A surprising statement, considering the recent failures of the Australian government to pass even a 5% reduction in carbon emissions.
Regardless, according to Beyond Zero Emissions' Executive Director Matthew Wright, "We have concluded that there are no technological impediments to transforming Australia’s stationary energy sector to zero emissions over the next 10 years."
The report preview [pdf] for this Zero Carbon Australia 2020 Project (ZCA2020) promises a costed, detailed blueprint for a transition to a zero-emissions economy in ten years using proven, commercialized technology.
The Low Down:
The emphasis is on transition, obviously, as Australia still gets 80% of its electricity from coal plants.
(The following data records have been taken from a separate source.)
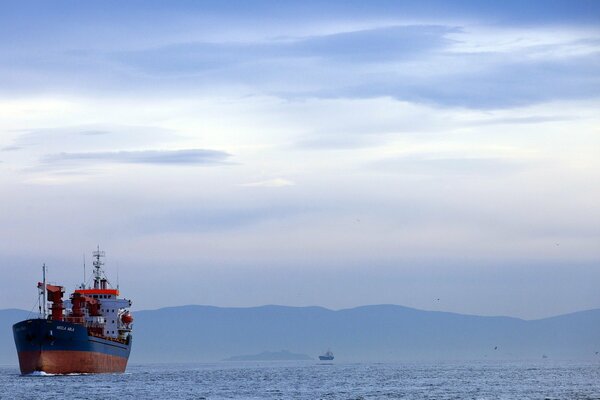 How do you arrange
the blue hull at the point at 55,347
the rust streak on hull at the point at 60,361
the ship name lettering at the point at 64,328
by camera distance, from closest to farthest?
the ship name lettering at the point at 64,328, the blue hull at the point at 55,347, the rust streak on hull at the point at 60,361

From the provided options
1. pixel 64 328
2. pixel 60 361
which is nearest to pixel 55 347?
pixel 60 361

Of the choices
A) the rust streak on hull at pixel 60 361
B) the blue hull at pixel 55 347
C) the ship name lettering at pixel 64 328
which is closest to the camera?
the ship name lettering at pixel 64 328

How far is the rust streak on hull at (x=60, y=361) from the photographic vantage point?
133m

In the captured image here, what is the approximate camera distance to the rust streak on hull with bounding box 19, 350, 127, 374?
133 m

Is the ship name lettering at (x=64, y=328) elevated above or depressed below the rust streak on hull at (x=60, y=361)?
above

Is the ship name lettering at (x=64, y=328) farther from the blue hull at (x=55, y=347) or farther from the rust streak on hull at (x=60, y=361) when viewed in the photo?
the rust streak on hull at (x=60, y=361)

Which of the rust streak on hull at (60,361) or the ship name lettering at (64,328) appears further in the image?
the rust streak on hull at (60,361)

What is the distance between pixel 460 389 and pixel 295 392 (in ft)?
57.6

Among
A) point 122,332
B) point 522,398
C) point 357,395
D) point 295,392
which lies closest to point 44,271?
A: point 122,332

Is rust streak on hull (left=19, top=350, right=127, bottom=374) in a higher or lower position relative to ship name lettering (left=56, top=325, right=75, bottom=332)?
lower

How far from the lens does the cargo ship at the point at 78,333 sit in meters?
132

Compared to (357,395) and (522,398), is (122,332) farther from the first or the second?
(522,398)

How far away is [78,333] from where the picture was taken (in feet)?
438

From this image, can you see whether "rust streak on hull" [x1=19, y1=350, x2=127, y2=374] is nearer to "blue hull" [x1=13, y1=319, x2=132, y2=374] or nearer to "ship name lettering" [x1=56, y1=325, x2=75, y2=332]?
"blue hull" [x1=13, y1=319, x2=132, y2=374] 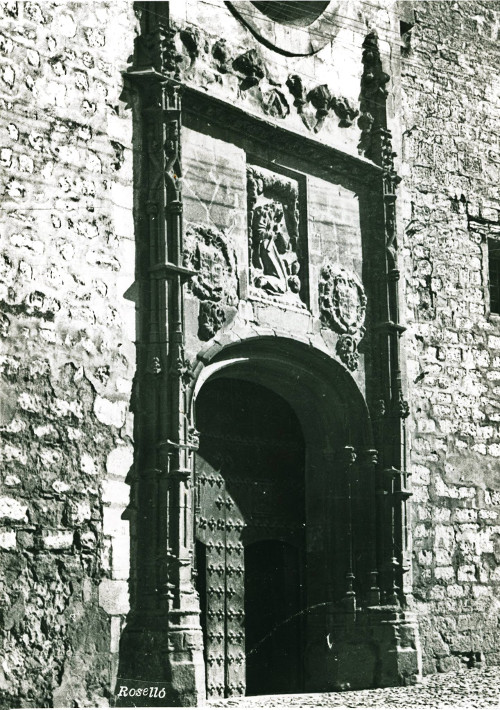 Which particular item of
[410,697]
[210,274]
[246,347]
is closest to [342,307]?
[246,347]

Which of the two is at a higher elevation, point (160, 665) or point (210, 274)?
point (210, 274)

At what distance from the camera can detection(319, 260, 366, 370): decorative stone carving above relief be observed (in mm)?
10414

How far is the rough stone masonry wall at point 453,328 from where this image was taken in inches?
439

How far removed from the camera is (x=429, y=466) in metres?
11.2

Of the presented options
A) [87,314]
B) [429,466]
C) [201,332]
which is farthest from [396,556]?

The report calls for 40 percent of the country's power to come from wind turbines. Meanwhile, concentrating solar power (CSP) plants, with molten salt to store energy, would form the backbone of the scheme, providing 60 percent of total electricity.
CSP uses mirrors instead of solar cells to collect sunlight in order to generate steam and drive turbines to produce power. There are few such utility-scale plants operating in the world today, and 30 under construction — none of which are in Australia.
According to DESERTEC-Australia, a 50-square-kilometer area covered in solar mirrors could theoretically meet all of Australia's electricity demand--and the country has the space to do it.
The report claims that 20 percent of the proposed CSP systems could be installed in four years, from 2011 to 2015. Wright said 12 sites with a capacity of 3,500 megawatts each have already been selected for the solar installations.
In Practical Terms:
As with so many press releases and studies floating around in the world of climate change, the disparity between potential (what could be) and likely result (what governing bodies will actually do) is vast.
Until coal is adequately priced to reflect its externalities (the ill health effects and the greenhouse gas emissions caused by burning it, the contaminated environments from mining it), it will remain the energy source of choice by thrifty utilities and investors.
The importance of this kind of study is in the awareness it brings. The potential for a green and clean Australia can be realized in reasonably short order. But at the heart of such decisions is the interests of public and private institutions who rarely agree on swift, successive changes motivated by costs and profit.